Study material:
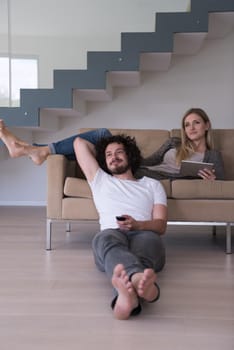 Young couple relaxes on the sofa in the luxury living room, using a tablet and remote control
* * *
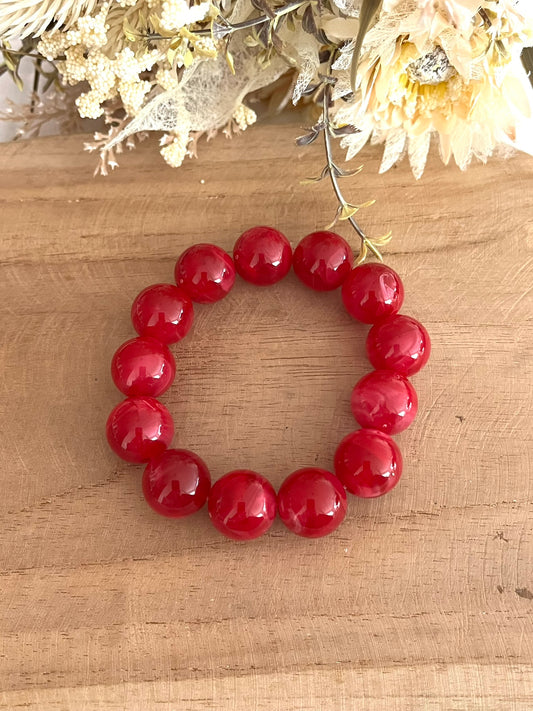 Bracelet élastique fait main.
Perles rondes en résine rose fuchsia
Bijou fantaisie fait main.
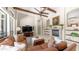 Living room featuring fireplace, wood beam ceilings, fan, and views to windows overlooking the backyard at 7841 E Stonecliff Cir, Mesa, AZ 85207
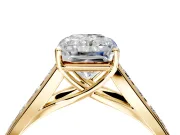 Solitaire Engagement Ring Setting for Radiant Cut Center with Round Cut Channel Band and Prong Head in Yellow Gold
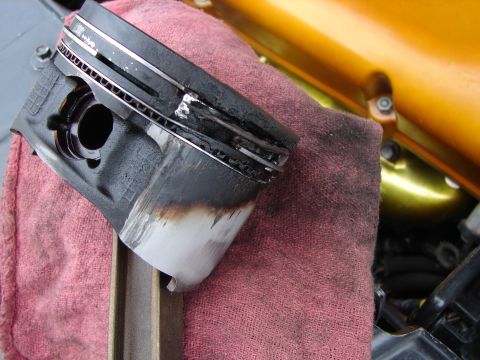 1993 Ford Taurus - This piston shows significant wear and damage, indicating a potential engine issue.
--
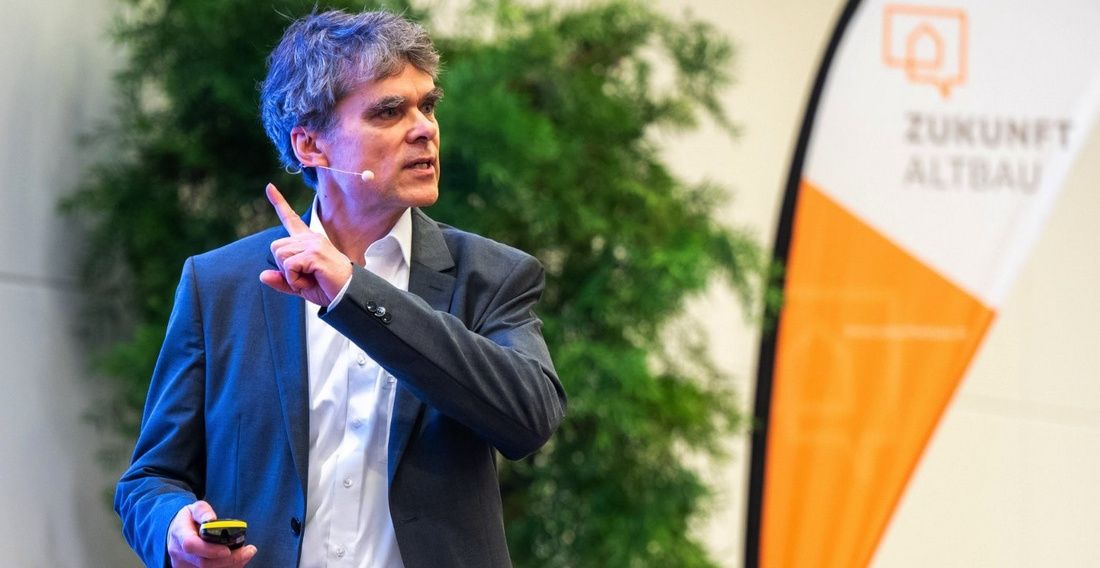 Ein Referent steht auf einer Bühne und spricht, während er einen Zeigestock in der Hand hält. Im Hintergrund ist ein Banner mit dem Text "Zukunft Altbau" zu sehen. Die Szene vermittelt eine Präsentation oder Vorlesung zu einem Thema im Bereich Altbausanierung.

Exercise aim:
Pictures aside, return exactly the lines from the data above, starting at the line that has "Solitaire Engagement Ring" and ending at the line that has "1993 Ford Taurus", both included.

Response area:
 Solitaire Engagement Ring Setting for Radiant Cut Center with Round Cut Channel Band and Prong Head in Yellow Gold
 1993 Ford Taurus - This piston shows significant wear and damage, indicating a potential engine issue.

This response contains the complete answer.